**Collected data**
%%

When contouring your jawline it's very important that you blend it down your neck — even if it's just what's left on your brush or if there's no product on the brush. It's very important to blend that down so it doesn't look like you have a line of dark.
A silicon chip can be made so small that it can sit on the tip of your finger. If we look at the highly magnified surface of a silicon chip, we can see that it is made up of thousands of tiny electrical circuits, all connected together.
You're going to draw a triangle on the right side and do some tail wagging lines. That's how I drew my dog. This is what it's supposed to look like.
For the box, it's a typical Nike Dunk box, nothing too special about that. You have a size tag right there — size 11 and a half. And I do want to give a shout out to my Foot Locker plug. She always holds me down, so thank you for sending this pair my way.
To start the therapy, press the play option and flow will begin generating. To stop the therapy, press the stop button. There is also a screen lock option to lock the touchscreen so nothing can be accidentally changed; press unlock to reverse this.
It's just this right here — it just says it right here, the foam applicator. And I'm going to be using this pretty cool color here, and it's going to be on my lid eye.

%%

**Work to complete**
From the entries above, copy each line that holds "your".

**Expected output**
When contouring your jawline it's very important that you blend it down your neck — even if it's just what's left on your brush or if there's no product on the brush. It's very important to blend that down so it doesn't look like you have a line of dark.
A silicon chip can be made so small that it can sit on the tip of your finger. If we look at the highly magnified surface of a silicon chip, we can see that it is made up of thousands of tiny electrical circuits, all connected together.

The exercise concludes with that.